WHAT TO DO: Copy, exactly and without additions, every line in the records below from the one holding "Image Associated With the Occurrence" through the one holding "Les vignes dans", both ends included.

AVAILABLE RECORDS:
Segment Open

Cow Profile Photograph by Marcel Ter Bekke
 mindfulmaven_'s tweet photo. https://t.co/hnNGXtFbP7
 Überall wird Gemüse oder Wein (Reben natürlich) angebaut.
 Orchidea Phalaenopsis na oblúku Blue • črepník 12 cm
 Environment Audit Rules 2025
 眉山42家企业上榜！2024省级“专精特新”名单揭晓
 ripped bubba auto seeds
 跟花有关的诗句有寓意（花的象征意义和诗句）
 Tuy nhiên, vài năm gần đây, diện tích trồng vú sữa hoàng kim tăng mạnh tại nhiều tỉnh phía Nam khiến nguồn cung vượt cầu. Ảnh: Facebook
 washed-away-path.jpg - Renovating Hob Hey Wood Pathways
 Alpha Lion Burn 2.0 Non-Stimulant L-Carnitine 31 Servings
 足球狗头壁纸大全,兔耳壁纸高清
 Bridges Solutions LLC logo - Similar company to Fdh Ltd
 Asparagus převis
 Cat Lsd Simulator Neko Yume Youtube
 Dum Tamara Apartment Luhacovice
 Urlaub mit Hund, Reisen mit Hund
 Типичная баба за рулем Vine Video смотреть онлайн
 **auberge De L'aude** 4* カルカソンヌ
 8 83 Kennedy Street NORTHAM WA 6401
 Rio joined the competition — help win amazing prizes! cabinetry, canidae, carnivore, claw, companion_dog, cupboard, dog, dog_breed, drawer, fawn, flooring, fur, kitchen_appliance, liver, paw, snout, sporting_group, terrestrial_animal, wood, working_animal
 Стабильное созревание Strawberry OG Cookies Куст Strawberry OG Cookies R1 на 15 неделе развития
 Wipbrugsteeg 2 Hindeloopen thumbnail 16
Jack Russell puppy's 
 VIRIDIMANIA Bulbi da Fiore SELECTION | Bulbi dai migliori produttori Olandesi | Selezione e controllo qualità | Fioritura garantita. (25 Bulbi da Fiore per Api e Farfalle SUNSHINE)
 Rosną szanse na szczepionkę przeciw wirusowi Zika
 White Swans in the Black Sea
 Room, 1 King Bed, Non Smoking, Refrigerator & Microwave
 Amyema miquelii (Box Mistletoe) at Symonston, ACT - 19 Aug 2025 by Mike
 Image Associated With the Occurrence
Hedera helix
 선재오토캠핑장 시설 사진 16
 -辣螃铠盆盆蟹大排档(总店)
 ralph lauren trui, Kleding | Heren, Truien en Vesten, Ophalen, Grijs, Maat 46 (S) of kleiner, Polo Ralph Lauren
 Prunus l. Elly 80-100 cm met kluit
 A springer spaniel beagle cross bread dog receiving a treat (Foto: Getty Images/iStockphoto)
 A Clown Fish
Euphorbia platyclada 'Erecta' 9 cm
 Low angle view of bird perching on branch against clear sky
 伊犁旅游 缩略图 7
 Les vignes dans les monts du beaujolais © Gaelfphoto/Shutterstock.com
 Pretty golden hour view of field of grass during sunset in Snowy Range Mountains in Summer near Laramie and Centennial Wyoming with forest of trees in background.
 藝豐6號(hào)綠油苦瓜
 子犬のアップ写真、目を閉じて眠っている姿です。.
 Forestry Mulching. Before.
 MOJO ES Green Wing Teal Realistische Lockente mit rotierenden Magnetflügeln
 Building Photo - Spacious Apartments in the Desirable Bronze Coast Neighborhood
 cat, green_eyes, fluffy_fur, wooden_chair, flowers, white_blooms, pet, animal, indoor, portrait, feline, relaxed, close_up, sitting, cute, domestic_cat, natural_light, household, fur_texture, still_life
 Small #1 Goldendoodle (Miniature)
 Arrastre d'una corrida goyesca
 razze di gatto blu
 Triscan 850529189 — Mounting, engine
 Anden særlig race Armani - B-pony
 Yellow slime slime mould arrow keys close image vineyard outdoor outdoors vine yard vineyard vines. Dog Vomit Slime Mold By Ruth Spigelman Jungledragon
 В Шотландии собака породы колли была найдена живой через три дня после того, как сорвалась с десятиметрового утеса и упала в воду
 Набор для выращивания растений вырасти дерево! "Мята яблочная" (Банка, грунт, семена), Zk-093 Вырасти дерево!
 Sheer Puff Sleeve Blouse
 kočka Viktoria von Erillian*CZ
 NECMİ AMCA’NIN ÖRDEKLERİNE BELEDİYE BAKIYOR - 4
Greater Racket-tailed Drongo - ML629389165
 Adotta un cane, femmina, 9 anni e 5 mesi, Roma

Segment Closed

ANSWER TO THIS PROBLEM:
 Image Associated With the Occurrence
Hedera helix
 선재오토캠핑장 시설 사진 16
 -辣螃铠盆盆蟹大排档(总店)
 ralph lauren trui, Kleding | Heren, Truien en Vesten, Ophalen, Grijs, Maat 46 (S) of kleiner, Polo Ralph Lauren
 Prunus l. Elly 80-100 cm met kluit
 A springer spaniel beagle cross bread dog receiving a treat (Foto: Getty Images/iStockphoto)
 A Clown Fish
Euphorbia platyclada 'Erecta' 9 cm
 Low angle view of bird perching on branch against clear sky
 伊犁旅游 缩略图 7
 Les vignes dans les monts du beaujolais © Gaelfphoto/Shutterstock.com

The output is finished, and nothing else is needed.